Economic Features of Security

3 Economics and Energy in the South

Liberal Expectations Versus Likely Realities
Hendrik Spruyt and Laurent Ruseckas
DOI: 10.4324/9781315501734-4
The Soviet system was highly centralized, economically as well as politically. Although the USSR was divided into nominally autonomous Union Republics, the command economy was run from the center as a single unit. Consequently, the fifteen successor states that emerged in 1991 exhibited a high degree of interdependence. Indeed, they were more interconnected than the states of the European Union or even Canada’s provinces. The Soviet brand of interdependence was of course highly artificial. Political decisions rather than efficiency criteria drove labor and resource allocation. Prices had little meaning in the command economy, and the principle of comparative advantage did not operate.
Relations among republics within the Soviet economy were asymmetric, with Russia in the strongest position. After the dissolution of the USSR, which severed the formal links of the command economy overnight, the non-Russian states—and the Southern Tier states in particular—found themselves highly vulnerable to Russian policies. In contrast, Russia was in a relatively good position to go it alone, being sensitive but not vulnerable to the policies of the others. Along with others such as the Baltic states, Russia was more able to expand its range of trading partners. In the Southern Tier the situation appeared to be far more grave. These states remain the poorest of the post-Soviet states in terms of gross domestic product (GDP) per capita, with high population growth and economic infrastructures characteristic of developing nations.
These economic circumstances have profound security implications. Poor economic performance leading to continued underdevelopment in the Southern Tier would be a breeding ground for political instability and potential civil strife, as is often the case in other less-developed countries (LDCs). Internal strife could spill over borders, particularly if economic conflicts are reinforced by ethnic tensions. Such trans-boundary effects may precipitate external intervention by Russia, still the dominant actor in the region, or by other states with hegemonic aspirations. Even the possibility of economic success in some states of the Southern Tier presents a danger.

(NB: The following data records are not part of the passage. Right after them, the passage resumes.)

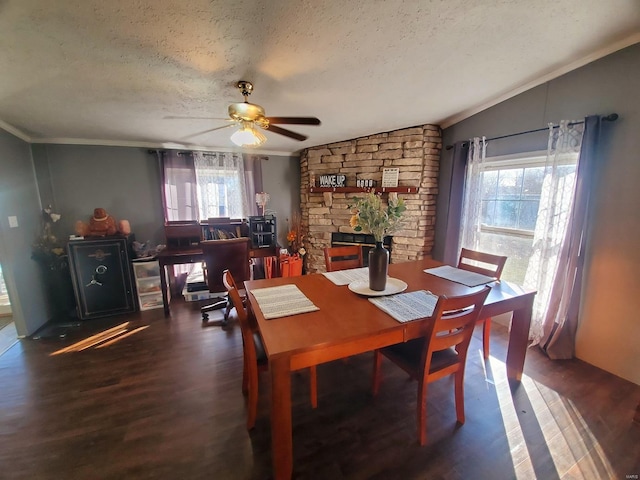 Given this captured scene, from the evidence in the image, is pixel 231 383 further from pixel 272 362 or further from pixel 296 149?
pixel 296 149

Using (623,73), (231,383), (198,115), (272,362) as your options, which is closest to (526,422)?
(272,362)

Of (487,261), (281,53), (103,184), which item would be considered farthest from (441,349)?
(103,184)

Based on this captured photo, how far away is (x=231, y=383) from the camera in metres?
1.83

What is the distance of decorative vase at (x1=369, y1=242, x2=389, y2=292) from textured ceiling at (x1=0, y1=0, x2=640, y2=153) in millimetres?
1254

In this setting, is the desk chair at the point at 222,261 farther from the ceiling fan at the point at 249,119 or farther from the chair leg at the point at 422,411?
the chair leg at the point at 422,411

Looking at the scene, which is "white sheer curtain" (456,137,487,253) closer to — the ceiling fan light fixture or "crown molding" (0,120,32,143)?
the ceiling fan light fixture

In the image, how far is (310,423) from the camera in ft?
4.94

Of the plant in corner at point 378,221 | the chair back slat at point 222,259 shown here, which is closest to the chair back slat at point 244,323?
the plant in corner at point 378,221

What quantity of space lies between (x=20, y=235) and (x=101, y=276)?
773 mm

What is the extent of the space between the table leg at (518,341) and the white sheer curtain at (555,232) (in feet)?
2.10

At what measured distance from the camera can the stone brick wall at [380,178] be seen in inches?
124

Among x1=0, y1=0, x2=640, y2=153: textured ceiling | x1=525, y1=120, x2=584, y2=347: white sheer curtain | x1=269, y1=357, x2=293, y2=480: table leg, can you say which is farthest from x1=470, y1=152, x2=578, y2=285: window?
x1=269, y1=357, x2=293, y2=480: table leg

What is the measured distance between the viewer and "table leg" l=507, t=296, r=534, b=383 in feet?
5.53

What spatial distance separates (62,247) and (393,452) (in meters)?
3.82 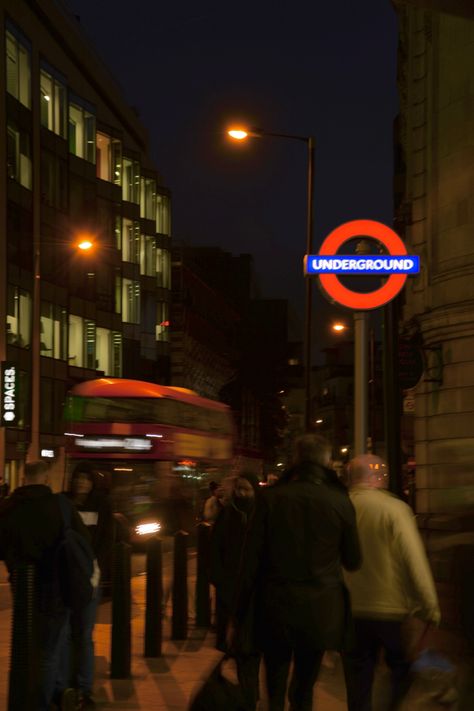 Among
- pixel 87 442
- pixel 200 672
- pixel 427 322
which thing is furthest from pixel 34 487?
pixel 87 442

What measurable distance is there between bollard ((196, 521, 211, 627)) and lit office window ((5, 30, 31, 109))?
1456 inches

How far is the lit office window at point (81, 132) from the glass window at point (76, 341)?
25.7 feet

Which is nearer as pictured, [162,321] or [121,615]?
[121,615]

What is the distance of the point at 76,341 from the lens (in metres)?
54.1

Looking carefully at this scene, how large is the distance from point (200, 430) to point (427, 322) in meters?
11.0

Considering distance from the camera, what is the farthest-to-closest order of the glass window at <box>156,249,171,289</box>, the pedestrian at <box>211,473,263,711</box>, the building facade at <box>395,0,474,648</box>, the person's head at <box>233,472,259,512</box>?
the glass window at <box>156,249,171,289</box>, the building facade at <box>395,0,474,648</box>, the person's head at <box>233,472,259,512</box>, the pedestrian at <box>211,473,263,711</box>

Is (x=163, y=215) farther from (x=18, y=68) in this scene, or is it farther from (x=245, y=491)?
(x=245, y=491)

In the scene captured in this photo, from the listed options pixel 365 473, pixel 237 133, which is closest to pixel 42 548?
pixel 365 473

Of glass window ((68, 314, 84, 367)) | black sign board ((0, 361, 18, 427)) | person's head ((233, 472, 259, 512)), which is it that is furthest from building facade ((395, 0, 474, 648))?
glass window ((68, 314, 84, 367))

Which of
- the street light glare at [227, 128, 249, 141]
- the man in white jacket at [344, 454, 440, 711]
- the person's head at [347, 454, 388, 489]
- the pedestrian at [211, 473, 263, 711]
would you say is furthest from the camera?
the street light glare at [227, 128, 249, 141]

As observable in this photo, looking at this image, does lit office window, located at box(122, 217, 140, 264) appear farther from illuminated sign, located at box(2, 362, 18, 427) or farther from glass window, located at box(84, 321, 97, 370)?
illuminated sign, located at box(2, 362, 18, 427)

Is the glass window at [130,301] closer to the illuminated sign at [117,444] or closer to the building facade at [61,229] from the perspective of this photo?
the building facade at [61,229]

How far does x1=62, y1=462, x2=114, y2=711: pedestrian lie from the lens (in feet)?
26.2

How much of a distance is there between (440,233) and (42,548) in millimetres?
16080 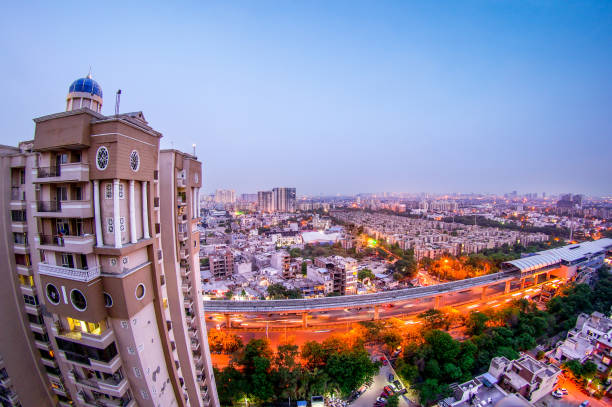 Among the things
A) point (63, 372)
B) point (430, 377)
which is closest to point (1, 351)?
point (63, 372)

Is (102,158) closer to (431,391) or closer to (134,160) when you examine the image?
(134,160)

If some of these states, particularly the energy-endowed ones, are gradually pulled out of Russia’s orbit, certain interest groups in Russia might support some form of intervention to reassert Moscow’s influence.
The substantial oil and gas resources of the Southern Tier states, particularly those bordering the Caspian Sea, point to another set of security issues. The energy development boom currently underway has led to the hopeful belief that the prospects for prosperity and stability in the region are good. But experience shows that hydrocarbon rents are a mixed blessing, with negative economic effects often outweighing positive ones. Political dangers loom as well. Asymmetric distribution of oil and gas revenues could exacerbate zero-sum contests in states where a paucity of robust institutions has already created fertile ground for instability. Such revenues might also affect the relative balances of power among states in the region, heightening the potential for inter-state conflict. Finally, the strategic nature of oil and gas resources has already attracted considerable attention of outside powers, whose interest is geopolitical as well as narrowly economic. The hydrocarbons of the Caspian could give rise to sharp rivalries among external states that would be played out within the Southern Tier.
In the next section we begin by examining the influence of international trade on the foreign and security policies of states in this region. Different theoretical perspectives come to highly divergent predictions and recommendations for this region. Economic liberals expect that economic development and expanding trade will lead to a benign security environment. These are the sorts of liberal assumptions that inform current U.S. policy toward China: linking China into the global world economy is expected to reduce security tensions. We examine whether such liberal outcomes are likely to emerge in Central Asia and the South Caucasus, and entertain a contrary and more pessimistic scenario. Our conclusion is that liberal trade might not obtain, and that a more mercantilist, conflict-prone set of relations is likely to develop. Our focus throughout is on providing a theoretical rationale for predictions of how Russia will interact with the Southern Tier, as well as deducing policy recommendations from that analysis.
As suggested above, the prospects for economic development and the various scenarios for inter-state relations in the region are profoundly influenced by the presence of considerable hydrocarbon reserves. Consequently, we devote particular attention to clarifying how energy supplies might influence security calculations.
We then turn to a discussion of how energy will affect internal economic development and the ramifications this will have on economic take-off, the nature of regimes that might emerge in the region, and the likelihood of inter-state conflict. Some see energy as the means for unparalleled growth, similar to that of the resource-rich states of the Middle East. We, however, sound several cautionary notes: politically, economic windfalls may actually delay democratic reforms and raise the likelihood that militarized, authoritarian states emerge, while economically, hydrocarbon rents can retard more substantial economic transformation. Moreover, not all the states in the Southern Tier will have such hydrocarbon revenues. Some of these states will have to follow more conventional trajectories of economic growth, with all the problems that other LDCs have had to face since gaining independence.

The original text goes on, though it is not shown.